Would you mind running with the second patch I sent? It gathers more
information.

~Andrew
Jan Beulich Jan. 18, 2016, 10:31 a.m. UTC | #3
>>> On 18.01.16 at 00:07, <hakon@alstadheim.priv.no> wrote:
> There we go :-/ . Log attached from boot to assertion-failure with
> loglvl=all guest_loglvl=all . Some of the log output might be a bit
> cryptic, they are notes to myself from local boot-scripts, basically
> firing up my router/name-server/dhcp-server and waiting until services
> are ready before continuing.
> 
> ---
> (XEN) [2016-01-17 22:46:38] **peoi[0] = {107, 0x40, 0}

According to

(XEN) [2016-01-17 16:50:49] IOAPIC[0]: Set PCI routing entry (1-3 -> 0x40 -> IRQ 3 Mode:0 Active:0)

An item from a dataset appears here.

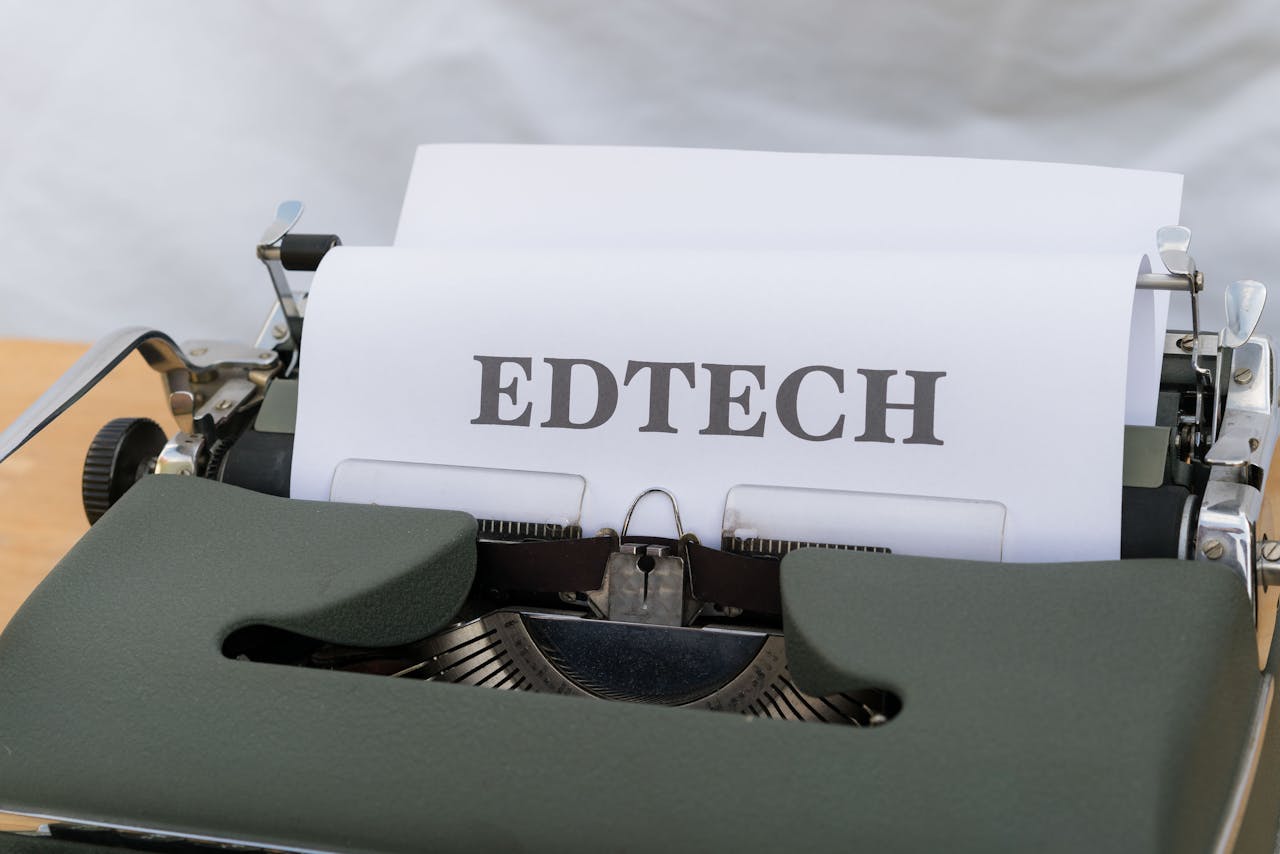 A vintage typewriter with a paper labeled 'EDTECH', signifying educational technology.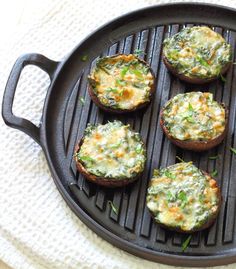 four baked goods are sitting on a grilling pan with green garnishes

this might be the serial console, albeit IRQ 107 contradicts this
afaict. Does this also occur without serial console? Are we
perhaps wrongly re-using vector 0x40 (and if so might this be
fixed with -unstable commit fc0c3fa2ad, in turn requiring
e509b8e09c)?

Jan
Andrew Cooper Jan. 18, 2016, 10:35 a.m. UTC | #4
On 18/01/16 10:31, Jan Beulich wrote:
>>>> On 18.01.16 at 00:07, <hakon@alstadheim.priv.no> wrote:
>> There we go :-/ . Log attached from boot to assertion-failure with
>> loglvl=all guest_loglvl=all . Some of the log output might be a bit
>> cryptic, they are notes to myself from local boot-scripts, basically
>> firing up my router/name-server/dhcp-server and waiting until services
>> are ready before continuing.
>>
>> ---
>> (XEN) [2016-01-17 22:46:38] **peoi[0] = {107, 0x40, 0}
> According to
>
> (XEN) [2016-01-17 16:50:49] IOAPIC[0]: Set PCI routing entry (1-3 -> 0x40 -> IRQ 3 Mode:0 Active:0)
>
> this might be the serial console, albeit IRQ 107 contradicts this
> afaict. Does this also occur without serial console? Are we
> perhaps wrongly re-using vector 0x40 (and if so might this be
> fixed with -unstable commit fc0c3fa2ad, in turn requiring
> e509b8e09c)?

I also had a bug in the first patch which printed the vector as 0x%u,
fixed in the second to be %#x.  As such, the actual vector on the
pending EOI stack is 0x28.

~Andrew
Jan Beulich Jan. 18, 2016, 10:54 a.m. UTC | #5
>>> On 18.01.16 at 11:35, <andrew.cooper3@citrix.com> wrote:
> On 18/01/16 10:31, Jan Beulich wrote:
>>>>> On 18.01.16 at 00:07, <hakon@alstadheim.priv.no> wrote:
>>> There we go :-/ . Log attached from boot to assertion-failure with
>>> loglvl=all guest_loglvl=all . Some of the log output might be a bit
>>> cryptic, they are notes to myself from local boot-scripts, basically
>>> firing up my router/name-server/dhcp-server and waiting until services
>>> are ready before continuing.
>>>
>>> ---
>>> (XEN) [2016-01-17 22:46:38] **peoi[0] = {107, 0x40, 0}
>> According to
>>
>> (XEN) [2016-01-17 16:50:49] IOAPIC[0]: Set PCI routing entry (1-3 -> 0x40 -> IRQ 3 
> Mode:0 Active:0)
>>
>> this might be the serial console, albeit IRQ 107 contradicts this
>> afaict. Does this also occur without serial console? Are we
>> perhaps wrongly re-using vector 0x40 (and if so might this be
>> fixed with -unstable commit fc0c3fa2ad, in turn requiring
>> e509b8e09c)?
> 
> I also had a bug in the first patch which printed the vector as 0x%u,
> fixed in the second to be %#x.  As such, the actual vector on the
> pending EOI stack is 0x28.

That wouldn't make it any better, as then, considering the other
similar messages, we would have to conclude it's the vector of
some other Xen internally used device (the IOMMU?), which again
shouldn't be used by guest IRQ unless it got recycled (albeit I don't
think e.g. IOMMU vectors get recycled at all).

Håkon, considering

(XEN) Failed to enable Interrupt Remapping: Will not enable x2APIC.

plus

(XEN) Intel VT-d Interrupt Remapping enabled.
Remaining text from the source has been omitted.